(Problem to work on): Within the records below, find the line with "Skwer u zbiegu" and the line with "Les campeurs entretenus", then reproduce exactly those two lines and all lines between them, without any picture.

(Source information):

*** Begin section ***

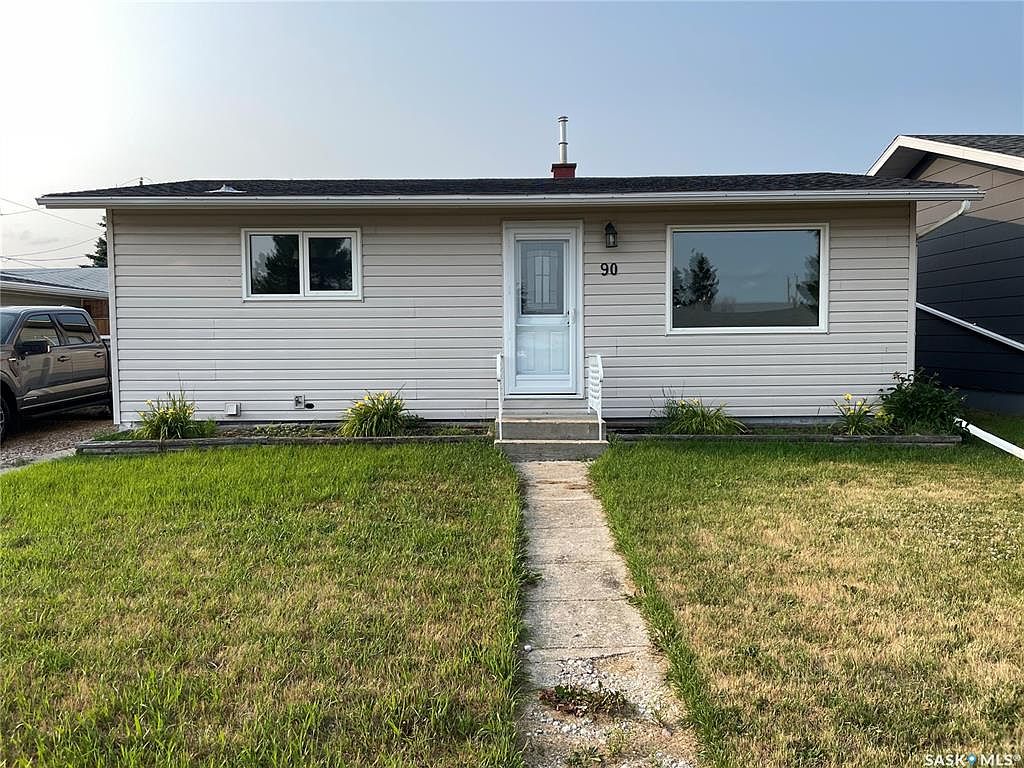 90 Roderick AVENUE, Southey, SK S0G 4P0 MLS SK937575 Zillow
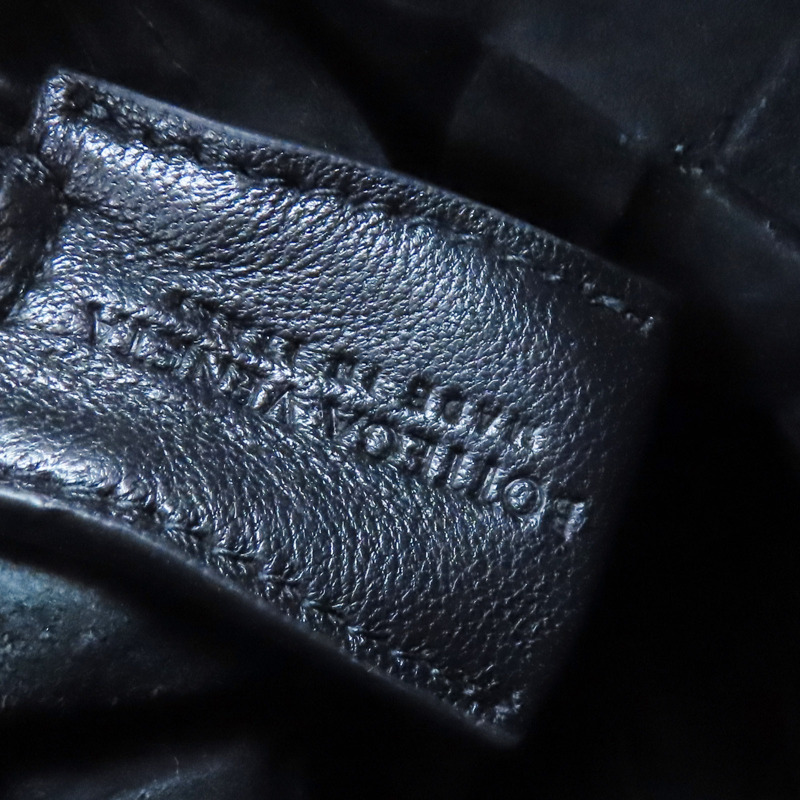 黑色 編織牛皮 Mini Loop Camera 肩背包【BOTTEGA VENETA BV 寶緹嘉】 723547V1G118425-5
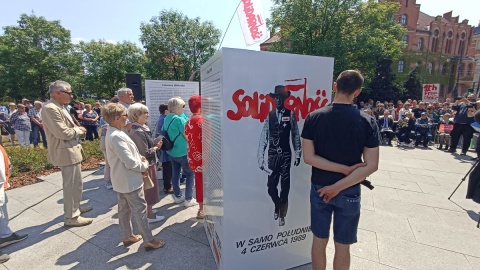 Skwer u zbiegu ul. Wały gen. Sikorskiego - Aleja Solidarności w Toruniu od niedzieli nosi nazwę Plac 4-go czerwca 1989 r./fot. Monika Kaczyńska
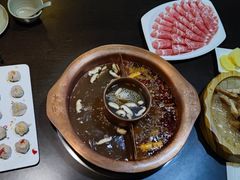 -滇釜火锅·能喝汤的火锅(车公庄店)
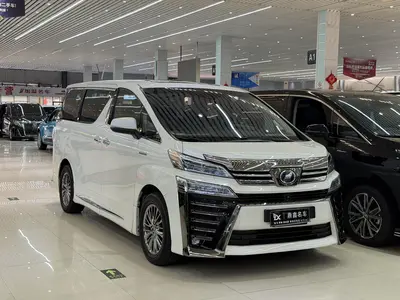 Toyota Vellfire 2020 Hybrid 2.5L HVLuxury thumbnail 3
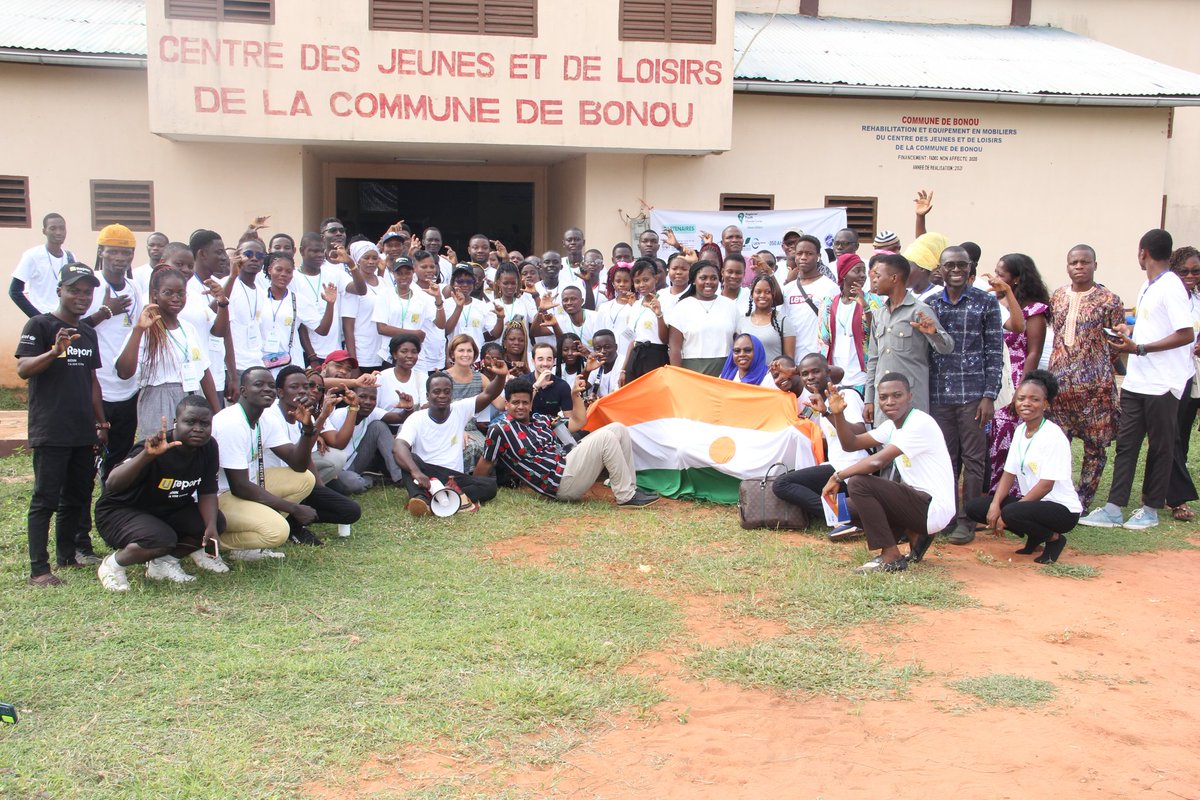 𝗖𝗔𝗠𝗣 𝗖𝗟𝗜𝗠𝗔𝗧 𝗥𝗘𝗚𝗜𝗢𝗡𝗔𝗟 𝗗𝗘𝗦 𝗝𝗘𝗨𝗡𝗘𝗦 / 𝗥𝗬𝗖𝗖 𝟮𝟬𝟮𝟯

Les campeurs entretenus sur les « villes durables » et partage d'expériences avec les jeunes américains

Au cours de la 2e journée, deux jeunes américains ont partagé leurs expériences 1️⃣⤵️ 
#RYCC2023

*** End section ***

(Answer to this task):
 Skwer u zbiegu ul. Wały gen. Sikorskiego - Aleja Solidarności w Toruniu od niedzieli nosi nazwę Plac 4-go czerwca 1989 r./fot. Monika Kaczyńska
 -滇釜火锅·能喝汤的火锅(车公庄店)
 Toyota Vellfire 2020 Hybrid 2.5L HVLuxury thumbnail 3
 𝗖𝗔𝗠𝗣 𝗖𝗟𝗜𝗠𝗔𝗧 𝗥𝗘𝗚𝗜𝗢𝗡𝗔𝗟 𝗗𝗘𝗦 𝗝𝗘𝗨𝗡𝗘𝗦 / 𝗥𝗬𝗖𝗖 𝟮𝟬𝟮𝟯

Les campeurs entretenus sur les « villes durables » et partage d'expériences avec les jeunes américains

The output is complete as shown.